I have a new HR24-200 connected through HDMI to a Denon A1910. It is a new SWM install with the latest HD24 software. In addition I have the Whole Home system with an H21 receiver connected directly to the a Samsung 46" LED TV with HDMI and to a Panasonic BluRay/Amplifier with digital optical cable.

Last night the HR24 locked up 4 times during Monday Night Football, always in conjunction with fast forward. I can use fast forward on the H21/Samsung hookup without problems, so the HR24 problem seems to be related to the HDMI hookup to the Denon. D* may be working on the problem, but they certainly have not solved it. 

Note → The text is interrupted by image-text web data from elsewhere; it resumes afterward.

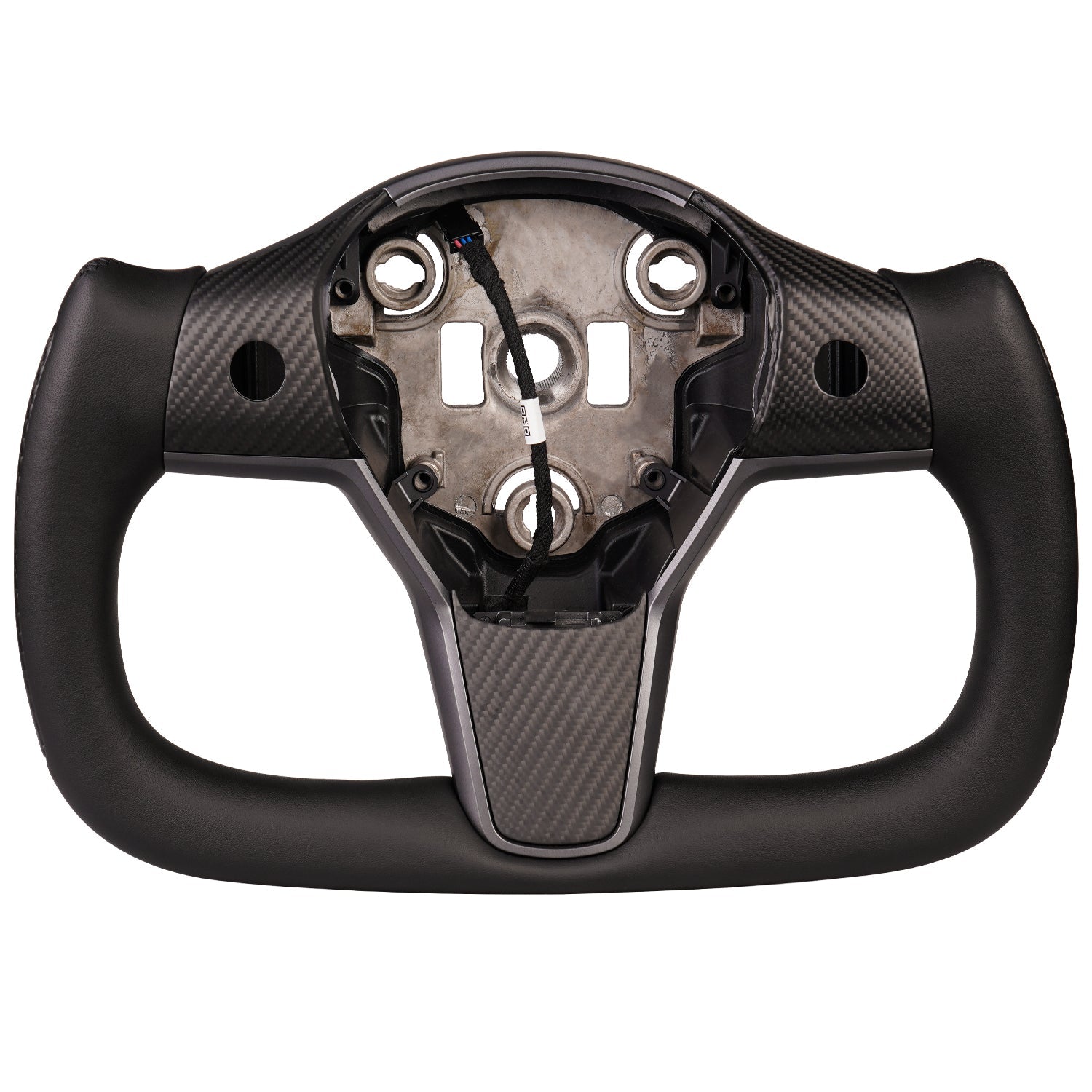 Yoke Carbon Fiber Steering Wheel for Tesla Model 3 / Y【Style 34】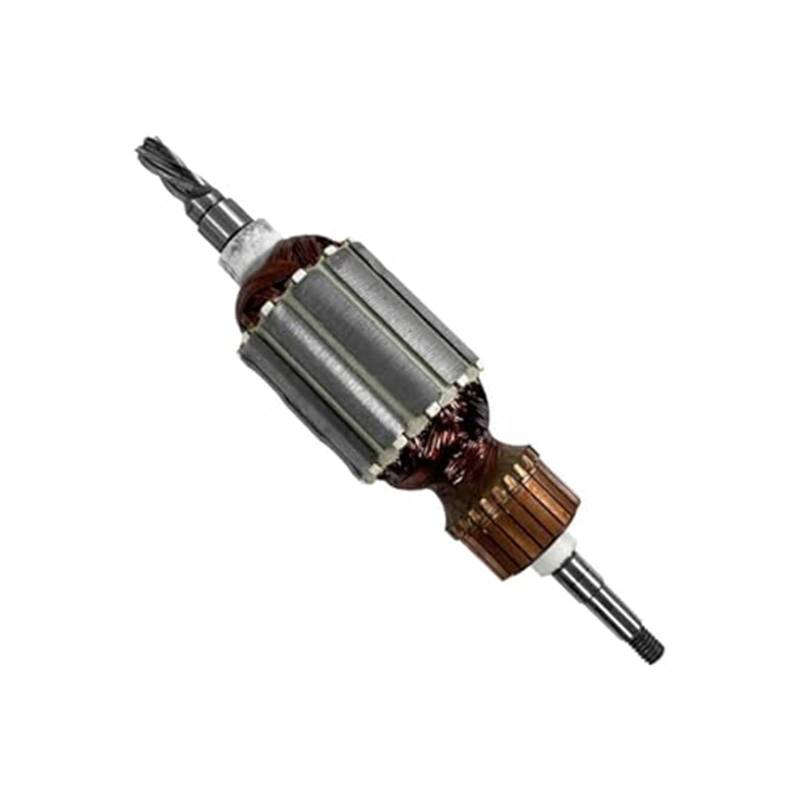 MKVAXR AC220-240V Ankerrotor, for Makita, HR4000C HR4040C 516328-1 Power Hammer Elektrowerkzeuge Rotoranker Ersatzzubehör Ankerrotor für Gartengeräte von MKVAXR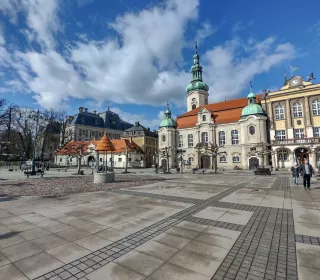 Zdjęcie rynku głównego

I have read the threads on using HDMI to the TV and digital audio to the receiver, but I have only one HDMI connection on my TV and use the Denon's 4 HDMI inputs to interface my BlueRay, the DVR, and my video cameras to the TV. If I go direct to the TV I will need to get some kind of HDMI switch and have to fool around with yet another stepo in switching from BluRay to TV. Yuch! The setup going through the Denon worked perfectly when I had FIOS TV.

I switched from Verizon FIOS to D* because 1) The FIOS receiver has an occasional problem (three or four times in 2 years) where a recorded show will not play back and there is no way to recover it, 2) FIOS DVR disk capacity is pretty limited, and 3) I was never crazy about the FIOS user interface. The straw that broke the camel's back on switching away from FIOS was when my recording of the opening day Patriots game would not play back -- that was just too much to bear.

However, I am thinking about switching back to FIOS because the problems I am now having with D* are much more serious than an occasional missed show.

In addition to the frequent lockups on my DVR equipped Panasonic Plasma, I am having the same short audio dropouts that others have encountered.

More serious is that when trying to record one HD show on the HR24 and watch another HD show recorded earlier on the HR24 through the Whole-Home network/H21, I frequently lose audio and get jagged broken video signals. To me it seems like a band width issue with the network.

Finally, the video on demand is marginal. It takes hours to download an HD movie, and I cannot download a show and watch a recorded program on the H21/Samsung setup because of the limited bandwidth of the network.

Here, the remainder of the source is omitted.